One of the most important lessons learned in school is how much we depend on one another. We begin to understand and appreciate that fact even before we enter school. Here in Mr. Cafferky’s fourth grade, students are grappling with the concept of how different species depend on one another. The first part of this question is vocabulary related. What is interdependence? What is a species? It’s wonderful to participate in the learning that occurs between students as they listen to each others’ ideas. The next question: How can we use the garden to illustrate species interdependence?
For this part of our activity, I asked students to read about the plight of the honeybee. They learned about the importance of honeybee pollination in our garden and in the world of agriculture. A few already knew that the honeybee benefits from the nectar found in our garden flowers. They also learned about colony collapse disorder, a syndrome that is eliminating our important honeybee pollinators at an alarming rate.

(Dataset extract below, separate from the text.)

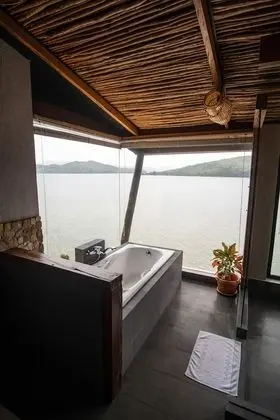 Honeymoon Stüdyo Süit, 1 En Büyük (King) Boy Yatak, Deniz Manzaralı, Denize Sıfır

We went out to the garden to check on our new beans. They provide a great illustration of the pollination needed to create fruit from a flower. We saw very few honey bees, but a lot of bumble bees, another species of bee that helps pollinate. I think the most exciting part of this experience was looking up close with magnifying glasses. I hope to use them again soon with these budding scientists!
September 21, 2014 at 12:45 PM
I am really impressed with the diversity of learning experiences related to the garden. From kale smoothies to multiplication and interdependence! Wow. I’d love to join the next adventure.
September 22, 2014 at 8:25 AM
Thanks, Meredith. I’ll let you know!